Set up environment variables 
* UPSTAGE_API_KEY


In [3]:
# @title set API key
from pprint import pprint
from rich import print as rprint

import os

import warnings

warnings.filterwarnings("ignore")

if "google.colab" in str(get_ipython()):
    # Running in Google Colab. Please set the UPSTAGE_API_KEY in the Colab Secrets
    from google.colab import userdata

    os.environ["UPSTAGE_API_KEY"] = userdata.get("UPSTAGE_API_KEY")
else:
    # Running locally. Please set the UPSTAGE_API_KEY in the .env file
    from dotenv import load_dotenv

    load_dotenv()

assert (
    "UPSTAGE_API_KEY" in os.environ
), "Please set the UPSTAGE_API_KEY environment variable"

In [14]:
rag_base_url = "https://experimental-api.x.upstage.ai/rag-api/"

# Plase chose your model name
rag_model_name = "sung-pro-1001"

In [24]:
from openai import OpenAI


client = OpenAI(base_url=rag_base_url, api_key=os.environ["UPSTAGE_API_KEY"])

print("Building/Rebuilding the index...")
directory = "pdfs"
# Upload all files in the pdfs folder
for file in os.listdir(directory):
    file_path = os.path.join(directory, file)
    with open(file_path, "rb") as f:
        file_response = client.files.create(
            file=f, purpose="assistants", extra_body={"model_name": rag_model_name}
        )
        rprint(file_response)

print("Index build/rebuild submission completed.")

public_model_name = file_response.public_model_name
print("Public Mode Name:", public_model_name)

Building/Rebuilding the index...


Index build/rebuild submission completed.
Public Mode Name: 36127e427ea30842d7f1


In [16]:
# Import necessary libraries
from langchain_upstage import ChatUpstage as Chat

# Initialize the ChatUpstage model
# Use the previously defined rag_model_name and rag_base_url
chat = Chat(model=rag_model_name, base_url=rag_base_url)

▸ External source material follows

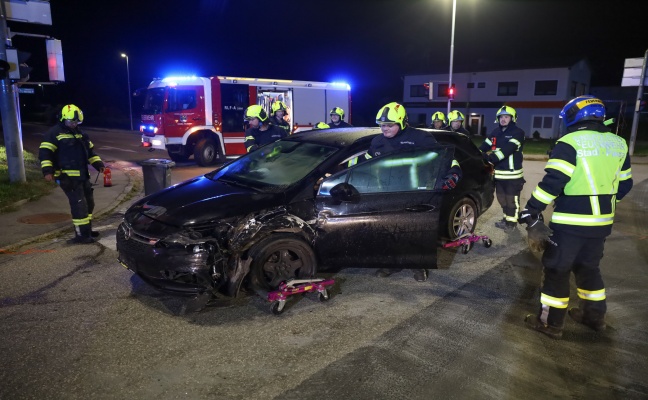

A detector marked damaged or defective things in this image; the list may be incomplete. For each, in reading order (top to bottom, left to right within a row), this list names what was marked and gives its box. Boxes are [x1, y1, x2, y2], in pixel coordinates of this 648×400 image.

# Send a query to the chat model
question = "What's the Document AI?"
response = chat.invoke(question)

# Print the response content in a formatted way
rprint(response)

# Upstage RAG-API Configuration Options

The `Chat` object is initialized with several options to customize its behavior:

1. `api_key`: The API key for authentication. Get from https://console.upstage.ai/

2. `model`: The name of the RAG (Retrieval-Augmented Generation) model to be used.

3. `base_url`: The base URL for the RAG API.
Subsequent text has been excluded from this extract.